Since we split our data only after some preprocessing, all we need to do, in order to test our model, is to transform it with the transformer created by the Count Vectorizer operation and then with the Logistic Regression model.

Afterwards, all that’s left to do is to evaluate our model. This can be done either by manually implementing a simple accuracy metric with a Python Transformation, or using available evaluation tools like a Binary Classification Evaluator, which provides two metrics: Area under ROC and Area under PR. However, we suggest using accuracy here since it is an intuitive metric with simple interpretation: it just counts the number of correctly classified messages.

A simple Python Transformation with the following code produces a human-readable table.

Further exploration of the resulting DataFrame with a Python Notebook yields the messages that were incorrectly classified by our model.
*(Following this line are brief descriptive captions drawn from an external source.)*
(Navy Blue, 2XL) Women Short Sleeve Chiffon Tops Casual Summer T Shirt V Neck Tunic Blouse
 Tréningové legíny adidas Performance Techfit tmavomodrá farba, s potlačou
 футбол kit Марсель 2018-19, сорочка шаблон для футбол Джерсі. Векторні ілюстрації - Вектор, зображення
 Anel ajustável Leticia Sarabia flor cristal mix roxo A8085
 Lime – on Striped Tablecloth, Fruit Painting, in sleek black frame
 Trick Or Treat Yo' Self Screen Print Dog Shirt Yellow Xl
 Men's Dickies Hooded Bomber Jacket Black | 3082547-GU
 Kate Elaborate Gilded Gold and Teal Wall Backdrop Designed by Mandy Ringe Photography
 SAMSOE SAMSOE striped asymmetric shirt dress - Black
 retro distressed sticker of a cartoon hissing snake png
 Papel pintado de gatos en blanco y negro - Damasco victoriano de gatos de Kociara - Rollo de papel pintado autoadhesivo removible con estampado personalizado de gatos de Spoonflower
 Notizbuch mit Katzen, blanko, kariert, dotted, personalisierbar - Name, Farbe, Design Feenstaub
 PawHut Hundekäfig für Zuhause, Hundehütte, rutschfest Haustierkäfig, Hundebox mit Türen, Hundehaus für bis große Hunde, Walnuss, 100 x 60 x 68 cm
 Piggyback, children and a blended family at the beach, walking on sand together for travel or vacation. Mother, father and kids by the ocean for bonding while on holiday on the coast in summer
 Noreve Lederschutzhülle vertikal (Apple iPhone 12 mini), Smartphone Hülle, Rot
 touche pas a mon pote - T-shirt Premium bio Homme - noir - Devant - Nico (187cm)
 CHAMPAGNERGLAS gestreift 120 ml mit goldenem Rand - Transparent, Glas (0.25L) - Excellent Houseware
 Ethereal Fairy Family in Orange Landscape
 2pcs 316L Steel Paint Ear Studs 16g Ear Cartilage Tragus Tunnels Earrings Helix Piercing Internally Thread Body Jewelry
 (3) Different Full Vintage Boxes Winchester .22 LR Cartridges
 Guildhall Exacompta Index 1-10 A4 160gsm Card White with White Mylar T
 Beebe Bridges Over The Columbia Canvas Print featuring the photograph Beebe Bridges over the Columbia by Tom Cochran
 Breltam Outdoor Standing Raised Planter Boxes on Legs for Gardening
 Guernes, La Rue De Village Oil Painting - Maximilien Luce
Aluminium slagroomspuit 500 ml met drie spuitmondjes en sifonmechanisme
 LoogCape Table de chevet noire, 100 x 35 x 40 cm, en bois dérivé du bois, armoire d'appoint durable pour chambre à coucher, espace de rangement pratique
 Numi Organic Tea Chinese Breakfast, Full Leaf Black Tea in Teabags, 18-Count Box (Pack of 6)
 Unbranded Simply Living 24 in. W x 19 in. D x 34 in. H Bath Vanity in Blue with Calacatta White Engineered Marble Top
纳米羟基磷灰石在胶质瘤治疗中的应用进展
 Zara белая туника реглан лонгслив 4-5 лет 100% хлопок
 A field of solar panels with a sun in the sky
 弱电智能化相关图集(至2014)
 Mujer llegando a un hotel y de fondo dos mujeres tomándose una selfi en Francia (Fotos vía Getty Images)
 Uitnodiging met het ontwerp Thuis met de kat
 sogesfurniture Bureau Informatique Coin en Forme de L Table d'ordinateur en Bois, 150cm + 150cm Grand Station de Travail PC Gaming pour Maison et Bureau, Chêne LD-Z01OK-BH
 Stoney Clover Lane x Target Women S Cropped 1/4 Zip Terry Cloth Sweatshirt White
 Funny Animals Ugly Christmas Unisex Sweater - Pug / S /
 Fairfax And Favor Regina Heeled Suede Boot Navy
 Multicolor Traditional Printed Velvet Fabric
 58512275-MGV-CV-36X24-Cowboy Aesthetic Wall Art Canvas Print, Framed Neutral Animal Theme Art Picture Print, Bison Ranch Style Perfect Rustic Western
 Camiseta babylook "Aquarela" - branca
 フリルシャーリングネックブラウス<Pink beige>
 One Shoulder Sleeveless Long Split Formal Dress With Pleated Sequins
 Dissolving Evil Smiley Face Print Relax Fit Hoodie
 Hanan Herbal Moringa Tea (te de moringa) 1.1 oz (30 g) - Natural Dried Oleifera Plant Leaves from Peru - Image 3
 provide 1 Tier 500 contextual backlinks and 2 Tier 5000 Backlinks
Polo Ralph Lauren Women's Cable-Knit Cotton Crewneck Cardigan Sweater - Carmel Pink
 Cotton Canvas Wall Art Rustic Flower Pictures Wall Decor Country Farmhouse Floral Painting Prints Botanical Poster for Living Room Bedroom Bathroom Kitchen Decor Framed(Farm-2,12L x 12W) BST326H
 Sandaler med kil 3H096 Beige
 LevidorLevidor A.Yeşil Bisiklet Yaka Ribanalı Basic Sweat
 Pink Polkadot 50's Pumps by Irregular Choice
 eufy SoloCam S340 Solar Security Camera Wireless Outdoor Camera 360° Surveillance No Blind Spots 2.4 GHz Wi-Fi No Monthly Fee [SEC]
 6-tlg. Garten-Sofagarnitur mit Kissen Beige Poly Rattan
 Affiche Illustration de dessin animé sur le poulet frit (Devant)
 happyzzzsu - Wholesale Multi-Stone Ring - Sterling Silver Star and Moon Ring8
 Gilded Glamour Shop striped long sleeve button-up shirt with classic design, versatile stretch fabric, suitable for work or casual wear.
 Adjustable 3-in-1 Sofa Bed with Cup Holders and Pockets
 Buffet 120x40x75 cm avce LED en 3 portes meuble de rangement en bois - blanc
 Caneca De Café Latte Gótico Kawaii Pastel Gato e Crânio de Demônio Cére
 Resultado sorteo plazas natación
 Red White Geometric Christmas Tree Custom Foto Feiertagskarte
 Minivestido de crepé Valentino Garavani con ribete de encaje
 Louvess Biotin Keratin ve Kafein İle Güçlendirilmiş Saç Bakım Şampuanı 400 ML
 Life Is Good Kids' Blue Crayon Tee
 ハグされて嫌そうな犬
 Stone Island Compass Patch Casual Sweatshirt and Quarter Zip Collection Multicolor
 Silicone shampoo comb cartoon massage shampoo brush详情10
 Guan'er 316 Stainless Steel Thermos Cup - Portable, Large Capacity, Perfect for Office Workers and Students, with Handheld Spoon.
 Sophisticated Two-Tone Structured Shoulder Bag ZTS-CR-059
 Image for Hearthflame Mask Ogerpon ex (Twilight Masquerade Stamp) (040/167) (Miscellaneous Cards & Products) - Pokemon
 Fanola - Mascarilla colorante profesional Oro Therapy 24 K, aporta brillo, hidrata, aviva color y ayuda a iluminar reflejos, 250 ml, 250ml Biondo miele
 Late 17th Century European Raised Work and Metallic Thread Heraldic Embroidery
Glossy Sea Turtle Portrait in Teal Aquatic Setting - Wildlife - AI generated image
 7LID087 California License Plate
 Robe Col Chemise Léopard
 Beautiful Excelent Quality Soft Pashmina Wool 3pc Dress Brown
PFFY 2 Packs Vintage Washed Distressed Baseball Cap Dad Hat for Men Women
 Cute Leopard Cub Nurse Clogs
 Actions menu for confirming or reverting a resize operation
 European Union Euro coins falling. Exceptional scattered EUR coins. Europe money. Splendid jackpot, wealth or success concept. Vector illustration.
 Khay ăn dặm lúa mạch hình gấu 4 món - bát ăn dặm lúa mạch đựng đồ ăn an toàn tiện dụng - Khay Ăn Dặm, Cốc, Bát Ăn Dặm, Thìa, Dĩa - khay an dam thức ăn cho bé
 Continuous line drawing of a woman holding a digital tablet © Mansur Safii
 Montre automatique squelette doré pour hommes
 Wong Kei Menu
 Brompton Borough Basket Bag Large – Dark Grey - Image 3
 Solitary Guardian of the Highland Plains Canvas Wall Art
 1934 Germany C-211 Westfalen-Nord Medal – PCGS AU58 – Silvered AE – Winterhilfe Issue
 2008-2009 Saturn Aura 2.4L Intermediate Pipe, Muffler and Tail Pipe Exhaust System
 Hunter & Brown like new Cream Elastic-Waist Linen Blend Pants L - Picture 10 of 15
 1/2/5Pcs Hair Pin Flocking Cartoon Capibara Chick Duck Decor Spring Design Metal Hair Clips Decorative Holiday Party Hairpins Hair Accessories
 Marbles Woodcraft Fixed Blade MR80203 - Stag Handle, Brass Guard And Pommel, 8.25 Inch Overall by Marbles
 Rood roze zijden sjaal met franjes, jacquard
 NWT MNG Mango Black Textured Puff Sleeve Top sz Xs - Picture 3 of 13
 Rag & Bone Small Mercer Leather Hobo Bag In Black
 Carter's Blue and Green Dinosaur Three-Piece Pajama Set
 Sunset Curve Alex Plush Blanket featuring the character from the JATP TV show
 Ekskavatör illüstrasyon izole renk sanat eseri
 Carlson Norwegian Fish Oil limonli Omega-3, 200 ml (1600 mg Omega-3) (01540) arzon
It’s a good starting point for the process of improving our model.

And here is the entire workflow. The accuracy of the final model on the test dataset is above 97%, which compared to the baseline (the naive model always returning “ham”) of 87% is a big improvement.

Further Experiments

Now that we have the full workflow, we are free to experiment a bit with algorithms’ parameters. For example, we could change Min Different Documents in the Count Vectorizer to include only words appearing in more than a single text message. Another idea is to tweak the regex in the Tokenize with Regex - maybe it should simply be replaced with a Tokenize operation? Maybe we could change the Logistic Regression parameters or even use a completely different classification algorithm?